Vowellike sounds produced in early infancy are not isomorphic with vowels produced during later speech development. As Oller et al. (2013) noted, “Protophones occurring before canonical babbling cannot be transcribed sensibly in the International Phonetic Alphabet…because they generally do not contain well-formed and distinguishable consonants and vowels” (p. 6319). Although phonetic symbols often are used as convenient labels for early vowellike sounds, such usage should not imply that the sounds so identified are identical to vowels later used to form words. J. A. M. Martin (1981) used the term “vocant” for such a vowellike sound. Especially in the early stages of infancy, vocants are not necessarily tightly linked to vowel representations in an adult phonetic system but rather may be developmentally specific to particular combinations of perceptual experience, anatomic configuration, and motor capability. From an acoustic point of view, vocants produced in the first year of life are perhaps best regarded as regions of variable density in the vowel articulatory (or acoustic) space. As Donegan (2013) noted, there is an apparent affinity for vowels in the “lower left quadrant” of the vowel space (Stage 1 in Figure 7), a feature evident in the data reported by O. C. Irwin (1948), Davis and MacNeilage (1990), MacNeilage and Davis (1990), Kent and Bauer (1985), and Ménard et al. (2004).
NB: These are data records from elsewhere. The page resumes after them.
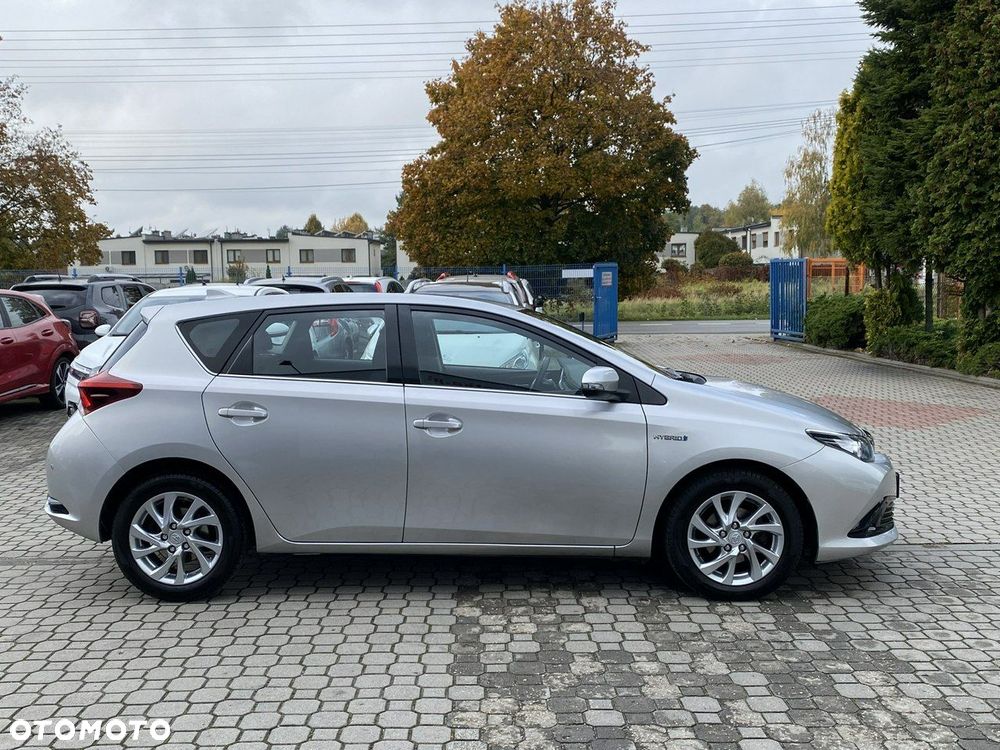 Toyota Auris - 5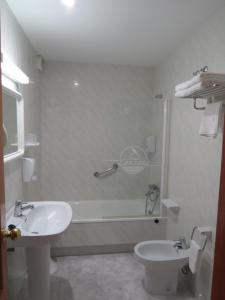 Un baño de Hotel Nuevo Lanzada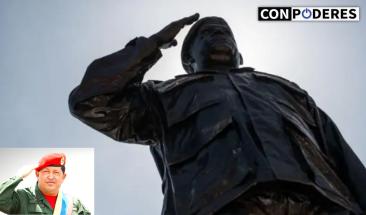 Manifestantes derriban estatuas de Hugo Ch&aacute;vez en Venezuela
The high frequency of occurrence of vocants in this region likely reflects articulatory preferences based on the vocal tract anatomy in which the tongue is relatively wide and flat with a relatively anterior mass, the pharynx is short, dentition is emergent, and the vocal tract shape lacks the 90° craniovertebral angle that is characteristic of adults. These combined features are conducive to tongue carriage within the lower left quadrant, giving rise to vocants that resemble especially the adult vowels /ɪ ɛ æ ə/. The phonetic symbols are useful to acknowledge some degree of auditory similarity between infant and adult vowels but, as argued earlier, should not be taken as evidence of phonemic acquisition. The statistical preponderance of vocants in one quadrant of vowel space is a notable feature that is most confidently interpreted with respect to developmental anatomy and physiology.

A feature that may occur less frequently but is nevertheless of considerable importance is formation of the vowel space determined by the point vowels (the word “vowels” is now used in favor of “vocants”). The corner vowels /i/, /u/, and /ɑ/ appear in the first or second year of life (Buhr, 1980; Davis & MacNeilage, 1990; O. C. Irwin, 1948; Selby et al., 2000; Templin, 1957; Wellman et al., 1931). These vowels, shown in Stage 2 in Figure 7, establish the acoustic and articulatory boundaries of the vowel space, within which other vowels can be produced (Kent, 1992). This aspect of vowel production has a correlate in perception. Polka and Bohn (2003) reported that infants have a perceptual bias for vowels that are close to the periphery of the F1/F2 vowel space and suggested that a bias for these vowels is language universal. J.-L. Schwartz et al. (2005) cast these results in the framework of the dispersion–focalization theory of vowel systems, proposing that focalization (the convergence between two consecutive formants in a vowel spectrum) increases the perceptual salience of the peripheral vowels relative to other vowels not having this property. They commented that “focal vowels, more salient in perception, provide both a stable percept and a reference for comparison and categorization” (p. 425). Focalization can be seen in Figure 1 as the proximity of F2 and F3 for vowel /i/ and F1 and F2 for vowels /ɑ/ and /u/. Polka and Bohn (2011) accepted the J.-L. Schwartz et al. (2005) interpretation of the data in their earlier report and further proposed a natural reference vowel framework to account for phonetic development in children. The peripheral vowels are anchors within the natural reference vowel framework. The perceptual salience of the focal vowels has an articulatory counterpart insofar as these vowels are produced with extreme positions in the oral cavity (see Figure 2). As infants explore their vocal abilities, they may come to rely on peripheral vowels because of both the perceptual bias of focalization and the anatomic boundaries of vowel production.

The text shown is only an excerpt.